Larry Flynt | Free Speech Activist

"If you're not going to offend somebody, you don't need the First Amendment."

- Larry Flynt

Larry Flynt

From HUSTLER Magazine

Trump vs. The Free Press

If there is one single thing that defines the American tradition and the success of our nation, it has to be the First Amendment, with its guarantee of free speech and freedom of the press. Thomas Jefferson expressed it best: “And were it left to me to decide whether we should have a government without newspapers, or newspapers without a government, I should not hesitate a moment to prefer the latter.” That’s because powerful people in both government and the private sector are always doing end runs around the law. The temptation to cut corners, abuse power and commit fraud is almost irresistible at the top of the food chain. And it’s just too easy to get away with it—unless you have dependable journalists who shine light into the shadows and hold the bastards accountable. That’s why dictators hate the press, and honest reporters are always their first victims—jailed, expelled or murdered.

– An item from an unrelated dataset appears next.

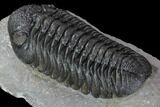 Prone Morocops Trilobite - Top Quality Specimen #88871-3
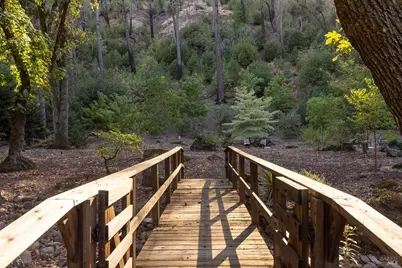 481 Crystal Springs Road, Saint Helena, CA 94574 - Photo 58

Many American Presidents have been hostile to the free press. Nixon was notoriously bad; his band of “plumbers” even considered assassinating famed journalist Jack Anderson. But Donald Trump takes this hostility to a whole new level.

When NBC News reported that the President, in a meeting with his heads of security, said he wanted a tenfold increase in the U.S. nuclear arsenal—equal to what we had back in the 1960s—Trump blew a gasket, tweeting, “With all of the Fake News coming out of NBC and the Networks, at what point is it appropriate to challenge their License? Bad for country!” Trump’s own secretary of state, Rex Tillerson, allegedly called him a “fucking moron” after that meeting ended. He hit the nail on the head.

First, there is no such thing as licenses for broadcasting networks— the FCC issues licenses only to individual stations. Second, Trump didn’t exactly say “tenfold increase,” but that’s what ramping up our nuclear arsenal to ’60s level would require. And third, the whole idea of shutting down a news organization for reporting the inconvenient truth is the mark of a banana republic autocrat, not an American President.

If the press publishes erroneous information with malicious intent, we have libel and defamation laws to deal with that. But for public figures the standard is much looser. In the bad old days of colonial America and King George’s England, reporters could be prosecuted and jailed for defamation or blasphemy, even if the reporting was absolutely true! This all changed in 1964 with the landmark Supreme Court case New York Times v. Sullivan, where the justices declared that “debate on public issues should be uninhibited, robust, and wide-open, and that it may well include vehement, caustic, and sometimes unpleasantly sharp attacks on government and public officials.”

Got that, Donald? As Harry Truman said, “If you can’t stand the heat, get out of the kitchen.” We at HUSTLER are doing everything possible to evict this dangerous moron from the kitchen and the whole White House before he burns the place down and destroys over 200 years of Constitutional government. And we ask you to help us—write your Congress critters and newspapers and express your outrage. The more noise we all make, the better.